We see many of these remedial and expeditious approaches to systems caught up in the current debates between “systems” and “individual agents.” The structure vs agency debate – which tends to resolve the issue by falling back in one direction or the other – or some compromise by meeting in the middle:
Here, the individual is still the axis systems revolve around.
But, when we move away from these anthropocentric approaches then there is a clear alternative in a field dynamics model of causality:
“Nature does not consist of basic particulars, but fields and processes… There is no bottom level of base particulars with intrinsic properties that upwardly determines everything else. Everything is process all the way “down” and all the way “up”...
“…these processes are “irreducibly relational — they exist only in patterns, networks, organizations, configurations or webs… Phenomena at all scales are not entities or substances but relatively stable [relational] processes…”
“...since processes achieve stability at different levels of complexity, while still interacting with processes at other levels, all are equally real and none has absolute ontological primacy.”…” (Evan Thompson, Mind in Life, p. 440)

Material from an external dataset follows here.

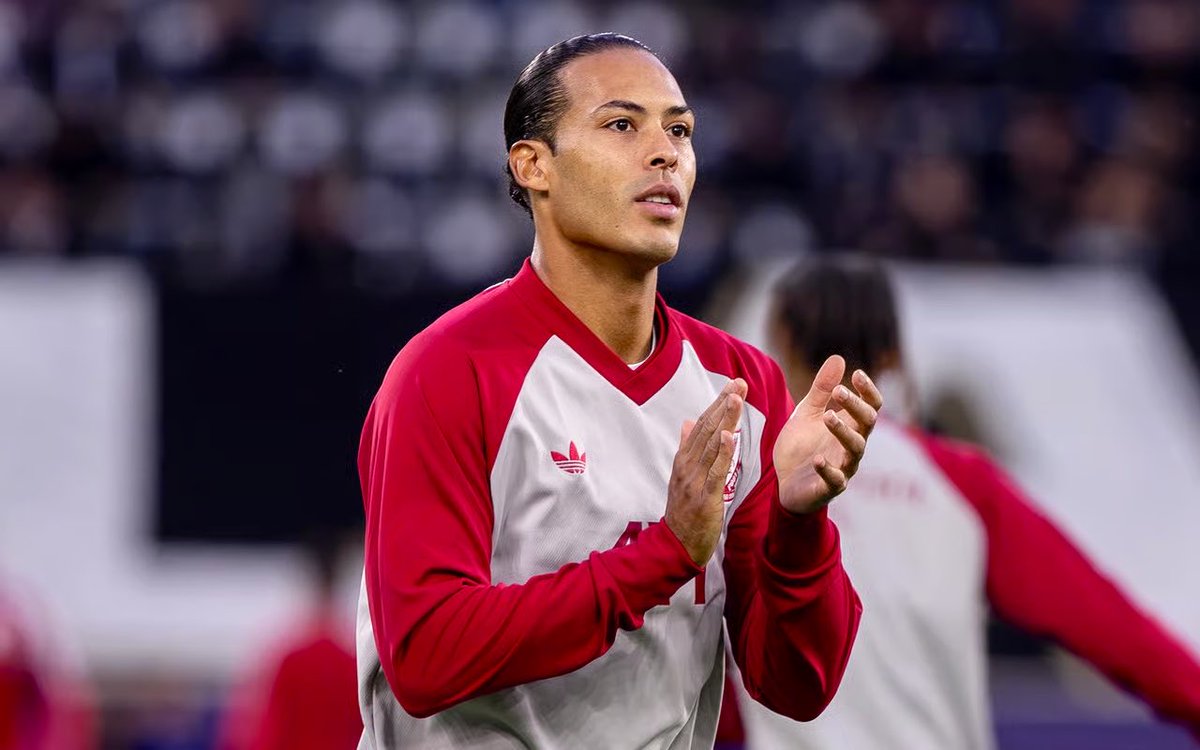 LFCTransferRoom's tweet photo. 💬 𝗤𝗨𝗢𝗧𝗘𝗦 - Virgil van Dijk on the performance against LASK:

“I'm really happy for everyone. Trey, Rio, Lewis, working so hard, and I was happy for Lewis [Koumas] to get that goal. Happy days.” 😁

“There were so many good things tonight that should get attention. The credit the young boys get is well deserved.” 👏

“Obviously Joe [Gomez] and I made it interesting after we came on after 60 minutes but sometimes these things happen.” 😂🤷‍♂️

(speaking to @IanDoyleSport)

For us a “systems theory” is part of a dynamic processual and emergent ontological approach to creativity. When we talk of systems approaches – whether it be complex systems, complex adaptive systems, systems thinking systems – whatever it is – it does not stand alone as simply another tool – that is perhaps more effective – in the classical humanist toolkit of change making. It is a critical aspect of a new, more-than-human processual and perspectival approach to reality.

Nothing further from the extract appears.